Tuesday, January 3, 2012

I Work Out

No, I am not one of those people that updates my status every time I go to the gym. I have more to talk about than lat pull downs and plyometric push-ups. For those of you who do not follow popular music, the reasoning behind blog title comes from LMFAO:


Now that I have motivated all of you with these mad beats, I have to admit that I have been reading and researching new workout programs for myself. After my last gym had issues with money and closed, I have been attending a new gym that forces me to work out independently rather than at kickboxing, spinning, and weight lifting classes. It is liberating to be my own personal trainer; however, it can be sort of difficult at times. Fitness classes are a great way to push your body and learn from specialized instructors.

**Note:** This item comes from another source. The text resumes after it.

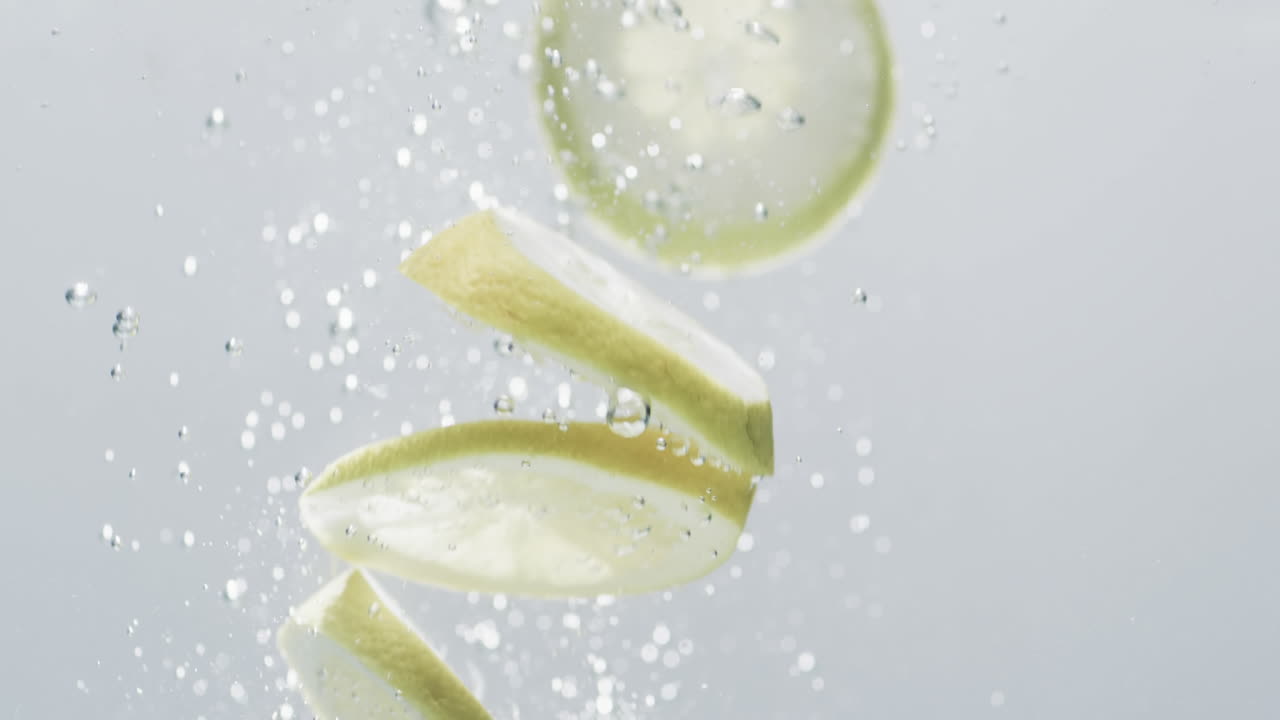 백색 배경에 복사 공간과 함께 물에 떨어지는 라임과 레몬 조각의 비디오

I recently started gaining even more knowledge about exercises and techniques from this book:

Women's Health: The Big Book of Exercises
It is full of diets, exercise programs, and tips for women at any fitness level. This experience has been a great challenge for me. After I get a more settled schedule, I hope to attend classes again. Until then, I work out.

Monday, January 2, 2012

Fine, I'll Do It

After eleven hours of sleep, I am ready to start the day. I had a blast with my friends on New Year's Eve, but my body is still hating me. I'm sure it will take a good week before I completely bounce back and feel normal. Since I don't celebrate like that very often, I can't be too mad at myself for feeling out of shape and sluggish.

It's time I choose a real direction...

I'm not real big on new year's resolutions, but I may just give it a whirl this year. I definitely need to set a few goals for myself. I need some direction.

1. Chill and focus on what I have control over. I tend to worry, worry, worry, and it makes me crazy! I hate the unbalanced feeling that comes along with anxiety. The fact is that I have a lot going for me, and I need to focus on all of the blessings that have been given to me.

2. Lay off the swear words. I say this all the time, but I need to slow down the potty mouth. It's just not attractive.

3. Get a teaching job. There is no doubt in my mind that there is a place for me. I just need to focus and work hard on jumping at all opportunities. Life is about trying, failing, and trying again. I'm so excited to be a teacher and grateful that I have found my passion.

4. Grow in my faith. I continue to find ways to be more connected with the church. I will be going to Haiti on a mission trip with my grandpa and his church at the end of February. I am so excited about the opportunity. We will be building desks for a local school. I'm smiling as I think about helping young children and their opportunities to learn.

5. Build a six-pact. What? I'm serious.

I have been lacking direction for a while now. The new year is a great reason to regain focus and move forward. So fine, I'll do it. One, two, three, go!